Андрей Архангельский — о диктатуре скуки в «Раю» Кончаловского

текст: Андрей Архангельский
Detailed_picture© Светлана Маликова / Кинокомпания Андрея Кончаловского

Почти половина нового фильма Кончаловского состоит из монологов героев у райских врат. Невидимый собеседник слушает главных героев: русскую княгиню (Юлия Высоцкая), спасающую в оккупированной Франции еврейских детей; французского коллаборациониста-полицейского (Филипп Дюкень), который ведет ее дело; немецкого офицера, который хотел спасти саму княгиню, но в результате не спас даже самого себя (Кристиан Клаусс). Этот прием не нов, но здесь — это отметили многие — очень удачен. Все люди предстают перед высшим судом голыми — в прямом и переносном смысле, им больше нечего скрывать даже от самих себя. Это идеальная дистанция — для художника; максимально отстраненная и объективная, она уравнивает шансы даже непримиримых врагов, людей и нелюдей, создавая ту лакомую условность, которая и дает возможность зрителю самостоятельно отличать добро от зла. Но Кончаловский сам же решительным образом и разрушает весь эффект этого приема.

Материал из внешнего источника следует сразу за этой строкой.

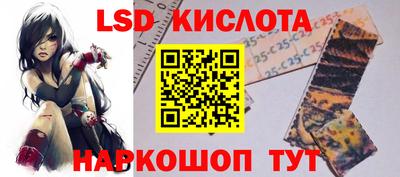героин Моздок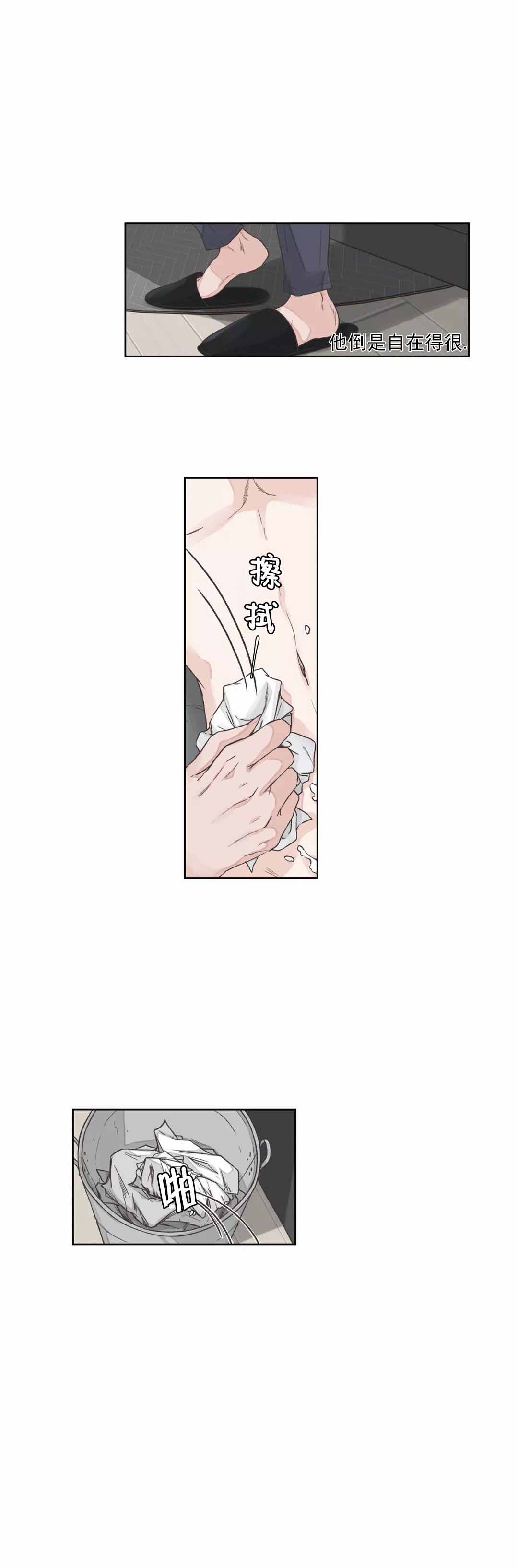 《一听钟情》漫画最新章节第14话免费下拉式在线观看章节第【1】张图片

Кончаловский писал сценарий, как мы можем судить из титров, сам; и в общем-то легко реконструировать, откуда здесь что взято. Образ нациста, видимо, навеян книгой «Благоволительницы» Джонатана Литтелла (известно, что его, в отличие от Арендт, режиссер точно читал): в одном из эпизодов встречается офицер-юрист, который занимается как раз выявлением коррупции среди руководства концентрационных лагерей, причем в самый разгар ада. На эту инициативу автор смотрит со свежим недоумением; между тем попытка соблюдать формальную законность в пространстве, находящемся в целом за пределами человеческого Закона, — это известный казус тоталитаризма, описанный, кажется, даже у Ноймана в «Бегемоте» и уж подавно у Ханны Арендт в «Истоках тоталитаризма».

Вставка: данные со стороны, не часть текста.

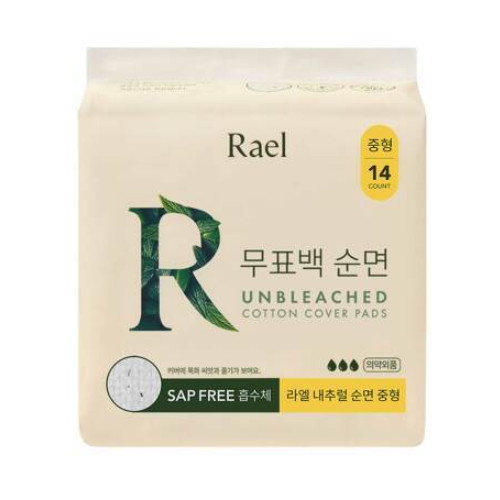 라엘 무표백 내추럴 순면 중형 14개 (10팩(140개))
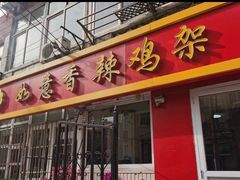 门面-如意香辣鸡架(总店)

У княгини тоже есть прототип — правда, известная Вики Оболенская была как раз членом французского Сопротивления, входила в подпольную Organisation Civile et Militaire, занималась разведывательной деятельностью, а также организацией побегов и вывозом за границу британских военнопленных.

А вот третий герой — француз — взят, так сказать, из головы; выдуман. И поэтому он интереснее всех — потому что самый неангажированный и фрейдистским образом дает нам прямой путь к бессознательному Автора.

© Светлана Маликова / Кинокомпания Андрея Кончаловского

Коллаборационист Жюль — это собирательный образ; западный обыватель как таковой, символ предательства и этической неразборчивости, соглашательства и моральной нечистоплотности. Автору он необходим, чтобы произнести «приговор Европе» — которая «легла под Гитлера», а затем герой становится Автору не нужен — поэтому он внезапно, на середине фильма, и исчезает.

Общее представление у просвещенных российских консерваторов (к каким, конечно, относится и Кончаловский) — что западный обыватель, основа общества потребления, которое все никак не хочет закончиться крахом, и есть причина всех бед человечества. Но обвинять обывателя в том, что он обыватель, — не самый успешный ход, тем более что в 1990-е такая попытка стать обывателями в «хорошем смысле» была предпринята и нами, но не удалась. В качестве компенсации за эту неудачу на месте гипотетического обывателя возникла фигура пророка-эсхатолога — того самого, который сегодня предрекает «крах всему»: и европейским ценностям, и капитализму в частности. Это называется «компенсация травмы», но эта травма теперь не так глупа, чтобы идти в лобовую атаку и критиковать обывателя с позиций каких-нибудь абстрактных, идейных. Она критикует европейского обывателя с одной-единственной, но надежной стороны закона Годвина — всякий раз припоминая ему сотрудничество с нацистами в годы войны. Этот неуязвимый прием использовала еще советская пропаганда начиная с Эренбурга. Недавний фильм Александра Сокурова «Франкофония», замаскированный под вопрошание, также об этом: «пока мы сражались, вы пили вино, занимались искусством и договаривались / не мешали / или даже помогали врагу».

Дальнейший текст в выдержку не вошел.